The allegations date back to 2015. In May of that year, Clovis presented data linking EGFR inhibitor rociletinib to a 60% objective response rate (ORR). The data dialed up expectations for rociletinib, also known as Roci, but the picture inside Clovis allegedly changed shortly after the data drop.
On July 7, the SEC alleges (PDF) Mahaffy and then-CFO Erle Mast learned that Clovis’ FDA filing for Roci would put the unconfirmed ORR at 42%. At that point, the confirmed ORR came in at 31%. The following day, Clovis claimed Roci achieved a 60% ORR in a filing to raise $298 million, without saying that the result was unconfirmed
“Mahaffy and Mast formally approved, in writing, the filing of the Prospectus Supplement with the SEC and the use of the roadshow presentation that both referenced the ASCO 2015 60% ORR,” the SEC wrote in its complaint. “These documents gave investors the false impression that Roci’s ORR continued to be 60%.”
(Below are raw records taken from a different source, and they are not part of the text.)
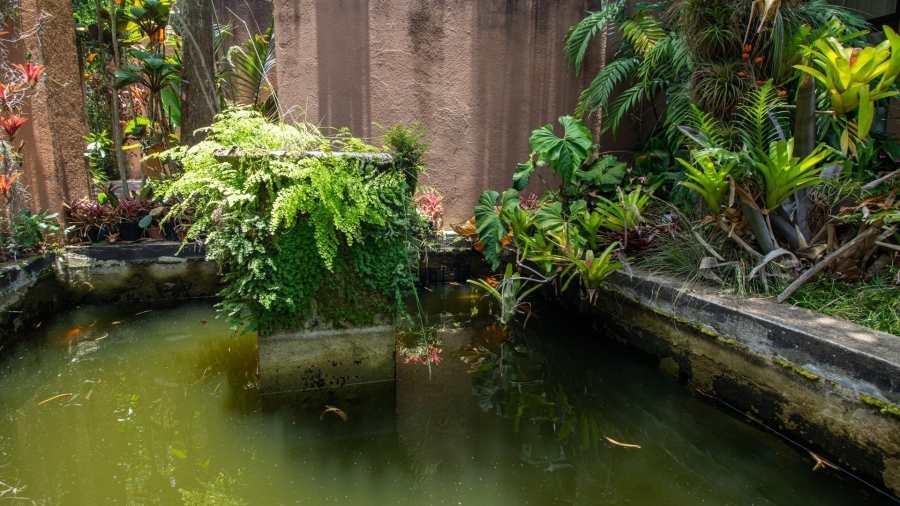 Commercial Property for Sale in White River Ext 5 Mpumalanga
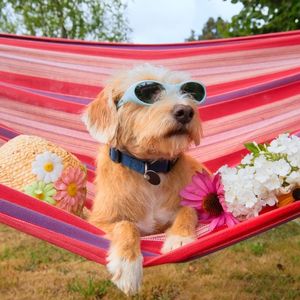 dog on hammock with flowers and sunglasses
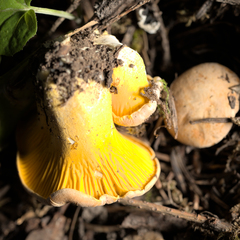 Cantharellus roseocanus
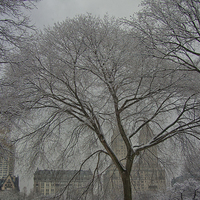 Buy canvas prints of  Winter in NYC. by Mark Godden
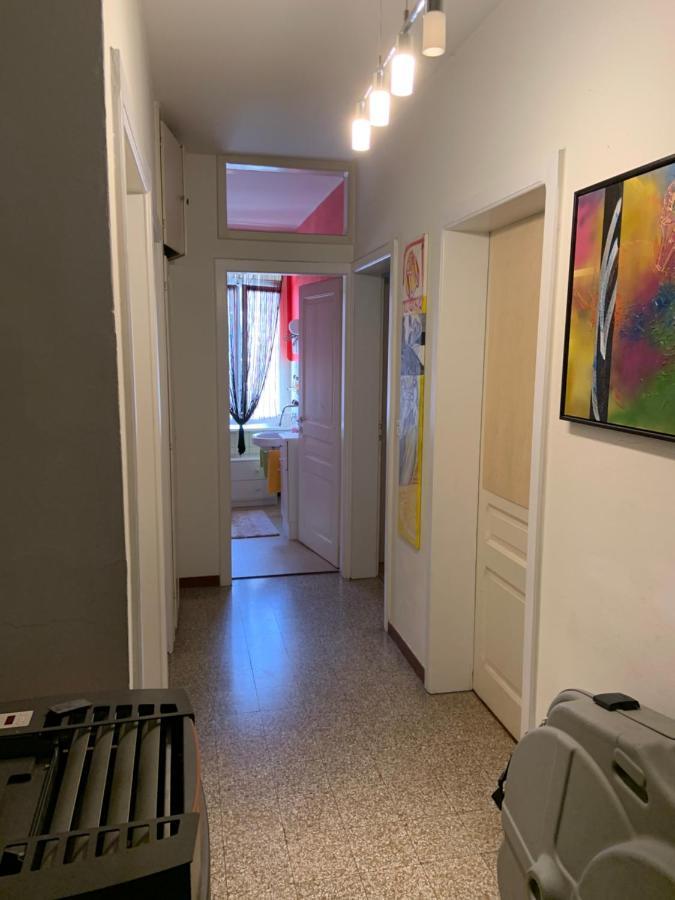 Casa Doya Daire Muralto Dış mekan fotoğraf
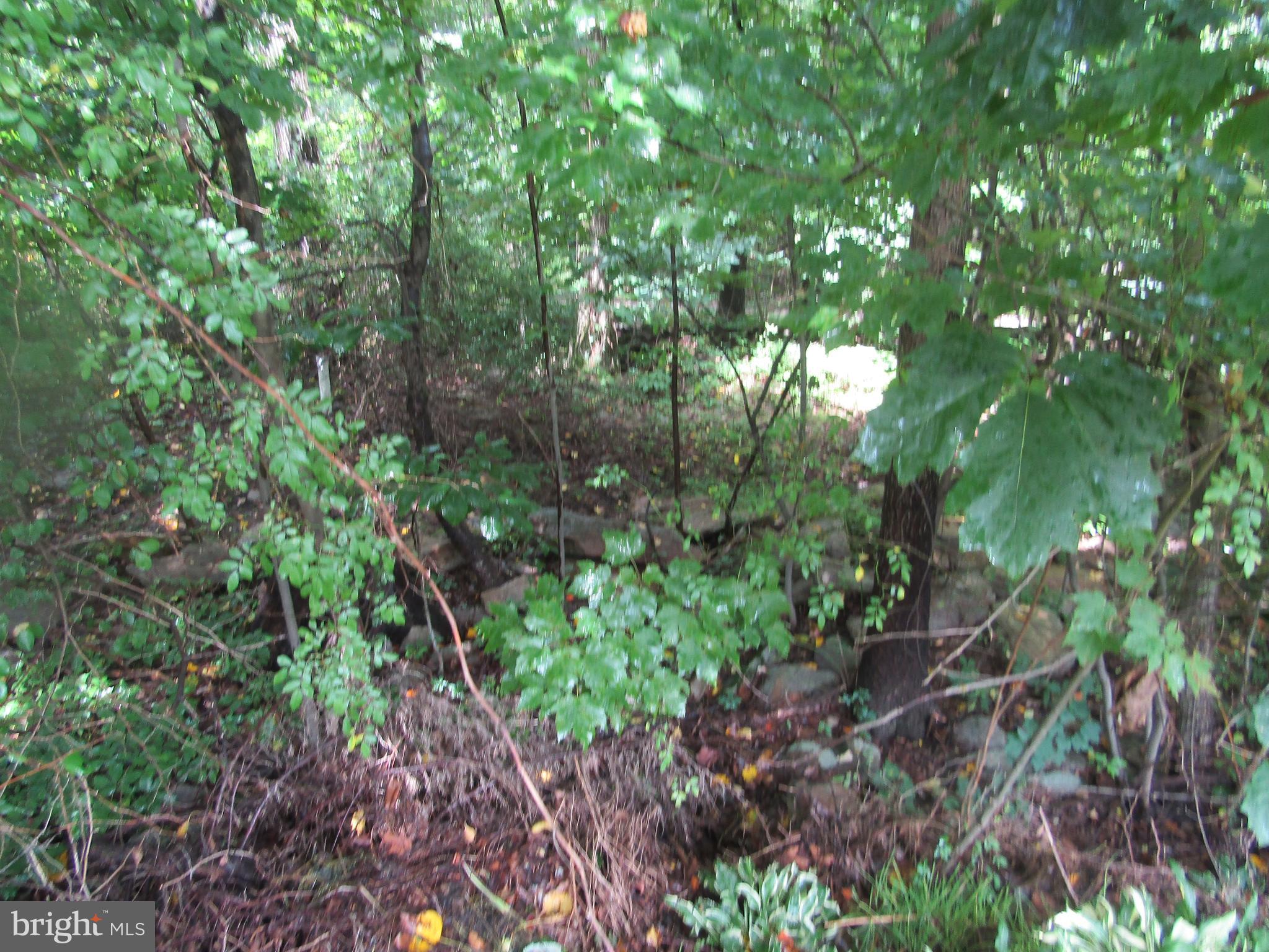 8041 Gnatstown Road Hanover, PA 17331 - Photo 14 of 76
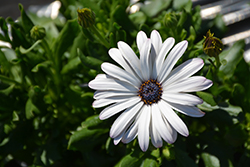 Margarita Supreme White African Daisy (Osteospermum 'Margarita Supreme White') at Golden Acre Home & Garden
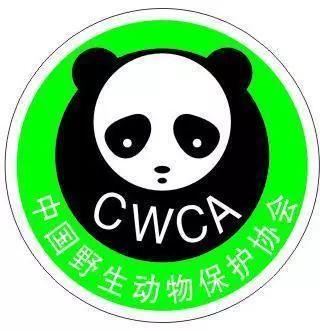 网易熊猫客户端网易官服官网入口
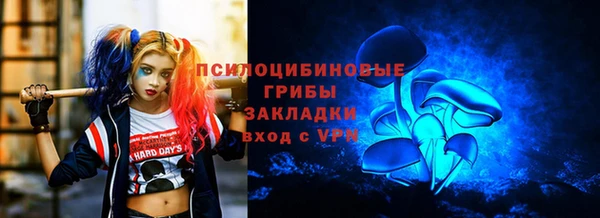 крисы Балахна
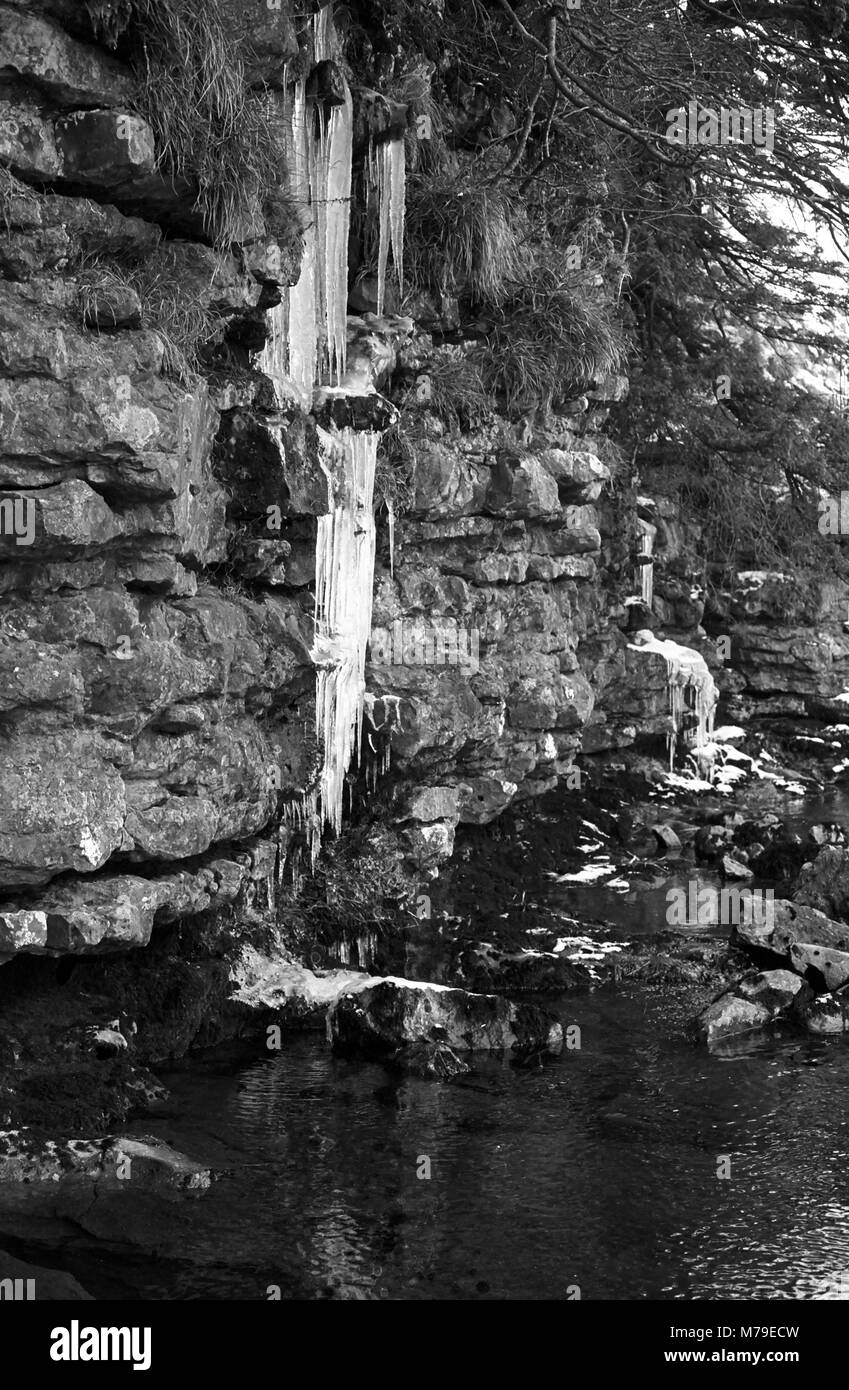 Eiszapfen hängen von den Felsen von Thornton Kraft, Fluss Twiss, Yorkshire Dales, England. Schwarz-weiß Film Foto Stockfoto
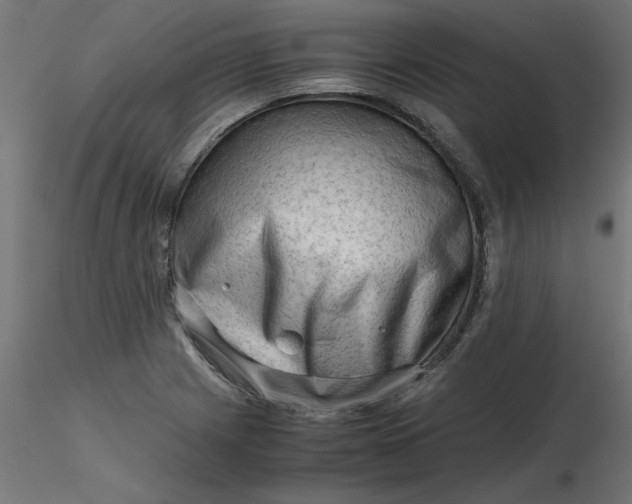 X0000116641225200912291548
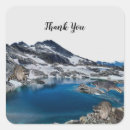 Recherche de raccoon autocollants Photographie de la faune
The situation reached a head in November. In the SEC’s telling of events, Clovis learned that the FDA disagreed with its ORR calculation on Nov. 9. By the FDA’s reckoning, the actual ORR languished in the 20s. The day after hearing from the FDA, Clovis cited the 60% ORR at an investor conference. Six days later, Clovis revealed that the FDA put the ORR at 28%, precipitating a 70% drop in its stock price.
Clovis emerged with a battered stock price, a tattered reputation and, according to the SEC, a bank balance boosted by stock sales made on the basis of lies. The money enabled Clovis to bring PARP inhibitor Rubraca to market.
Mahaffy is paying $250,000, a fraction of his annual pay packet, to settle his part of the case. Mast is getting off the hook with a $100,000 payment. The SEC settlement hits Clovis—and, by extension, its investors—the hardest. Clovis is paying the SEC $20 million.